• **INPUT DATA**
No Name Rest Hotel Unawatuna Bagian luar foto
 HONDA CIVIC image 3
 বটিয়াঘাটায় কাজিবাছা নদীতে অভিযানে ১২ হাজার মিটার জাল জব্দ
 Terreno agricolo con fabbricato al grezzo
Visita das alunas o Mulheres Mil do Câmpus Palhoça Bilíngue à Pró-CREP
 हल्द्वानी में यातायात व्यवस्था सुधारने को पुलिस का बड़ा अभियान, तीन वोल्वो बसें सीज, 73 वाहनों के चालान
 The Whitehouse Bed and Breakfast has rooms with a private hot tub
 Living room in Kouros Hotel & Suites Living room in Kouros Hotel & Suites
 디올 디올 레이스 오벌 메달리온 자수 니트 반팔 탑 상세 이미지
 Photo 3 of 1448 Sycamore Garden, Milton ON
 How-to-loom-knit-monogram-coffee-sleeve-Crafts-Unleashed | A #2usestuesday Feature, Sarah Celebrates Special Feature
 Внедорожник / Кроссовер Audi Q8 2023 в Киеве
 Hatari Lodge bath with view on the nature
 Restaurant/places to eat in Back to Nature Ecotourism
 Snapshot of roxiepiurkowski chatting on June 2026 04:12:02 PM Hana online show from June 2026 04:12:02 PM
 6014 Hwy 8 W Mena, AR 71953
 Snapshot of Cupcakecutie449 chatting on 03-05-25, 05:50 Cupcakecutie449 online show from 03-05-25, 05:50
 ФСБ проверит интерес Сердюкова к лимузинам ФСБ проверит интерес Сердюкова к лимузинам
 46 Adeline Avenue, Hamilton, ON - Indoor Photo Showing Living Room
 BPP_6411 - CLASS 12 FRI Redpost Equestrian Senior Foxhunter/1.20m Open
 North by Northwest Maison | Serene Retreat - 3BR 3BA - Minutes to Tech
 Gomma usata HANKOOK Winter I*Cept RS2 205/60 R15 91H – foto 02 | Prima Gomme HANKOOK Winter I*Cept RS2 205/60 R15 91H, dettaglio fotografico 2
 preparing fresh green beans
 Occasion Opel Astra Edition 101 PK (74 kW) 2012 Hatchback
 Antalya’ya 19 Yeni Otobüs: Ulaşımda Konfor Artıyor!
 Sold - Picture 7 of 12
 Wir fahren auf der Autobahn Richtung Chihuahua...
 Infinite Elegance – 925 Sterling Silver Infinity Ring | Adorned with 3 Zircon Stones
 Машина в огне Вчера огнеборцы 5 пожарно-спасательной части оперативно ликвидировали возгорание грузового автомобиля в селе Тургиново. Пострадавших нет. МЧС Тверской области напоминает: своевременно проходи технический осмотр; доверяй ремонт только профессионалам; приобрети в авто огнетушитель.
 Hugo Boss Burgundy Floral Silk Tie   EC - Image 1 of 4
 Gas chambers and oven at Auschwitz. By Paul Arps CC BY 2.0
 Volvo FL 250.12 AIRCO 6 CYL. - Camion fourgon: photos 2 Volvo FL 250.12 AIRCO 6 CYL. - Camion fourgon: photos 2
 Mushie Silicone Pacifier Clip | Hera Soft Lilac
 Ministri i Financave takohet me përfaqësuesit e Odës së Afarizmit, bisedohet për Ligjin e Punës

• **EXERCISE PROMPT**
Transcribe the listing above in full, so that every line matches exactly.

• **EXERCISE RESULT**
No Name Rest Hotel Unawatuna Bagian luar foto
 HONDA CIVIC image 3
 বটিয়াঘাটায় কাজিবাছা নদীতে অভিযানে ১২ হাজার মিটার জাল জব্দ
 Terreno agricolo con fabbricato al grezzo
Visita das alunas o Mulheres Mil do Câmpus Palhoça Bilíngue à Pró-CREP
 हल्द्वानी में यातायात व्यवस्था सुधारने को पुलिस का बड़ा अभियान, तीन वोल्वो बसें सीज, 73 वाहनों के चालान
 The Whitehouse Bed and Breakfast has rooms with a private hot tub
 Living room in Kouros Hotel & Suites Living room in Kouros Hotel & Suites
 디올 디올 레이스 오벌 메달리온 자수 니트 반팔 탑 상세 이미지
 Photo 3 of 1448 Sycamore Garden, Milton ON
 How-to-loom-knit-monogram-coffee-sleeve-Crafts-Unleashed | A #2usestuesday Feature, Sarah Celebrates Special Feature
 Внедорожник / Кроссовер Audi Q8 2023 в Киеве
 Hatari Lodge bath with view on the nature
 Restaurant/places to eat in Back to Nature Ecotourism
 Snapshot of roxiepiurkowski chatting on June 2026 04:12:02 PM Hana online show from June 2026 04:12:02 PM
 6014 Hwy 8 W Mena, AR 71953
 Snapshot of Cupcakecutie449 chatting on 03-05-25, 05:50 Cupcakecutie449 online show from 03-05-25, 05:50
 ФСБ проверит интерес Сердюкова к лимузинам ФСБ проверит интерес Сердюкова к лимузинам
 46 Adeline Avenue, Hamilton, ON - Indoor Photo Showing Living Room
 BPP_6411 - CLASS 12 FRI Redpost Equestrian Senior Foxhunter/1.20m Open
 North by Northwest Maison | Serene Retreat - 3BR 3BA - Minutes to Tech
 Gomma usata HANKOOK Winter I*Cept RS2 205/60 R15 91H – foto 02 | Prima Gomme HANKOOK Winter I*Cept RS2 205/60 R15 91H, dettaglio fotografico 2
 preparing fresh green beans
 Occasion Opel Astra Edition 101 PK (74 kW) 2012 Hatchback
 Antalya’ya 19 Yeni Otobüs: Ulaşımda Konfor Artıyor!
 Sold - Picture 7 of 12
 Wir fahren auf der Autobahn Richtung Chihuahua...
 Infinite Elegance – 925 Sterling Silver Infinity Ring | Adorned with 3 Zircon Stones
 Машина в огне Вчера огнеборцы 5 пожарно-спасательной части оперативно ликвидировали возгорание грузового автомобиля в селе Тургиново. Пострадавших нет. МЧС Тверской области напоминает: своевременно проходи технический осмотр; доверяй ремонт только профессионалам; приобрети в авто огнетушитель.
 Hugo Boss Burgundy Floral Silk Tie   EC - Image 1 of 4
 Gas chambers and oven at Auschwitz. By Paul Arps CC BY 2.0
 Volvo FL 250.12 AIRCO 6 CYL. - Camion fourgon: photos 2 Volvo FL 250.12 AIRCO 6 CYL. - Camion fourgon: photos 2
 Mushie Silicone Pacifier Clip | Hera Soft Lilac
 Ministri i Financave takohet me përfaqësuesit e Odës së Afarizmit, bisedohet për Ligjin e Punës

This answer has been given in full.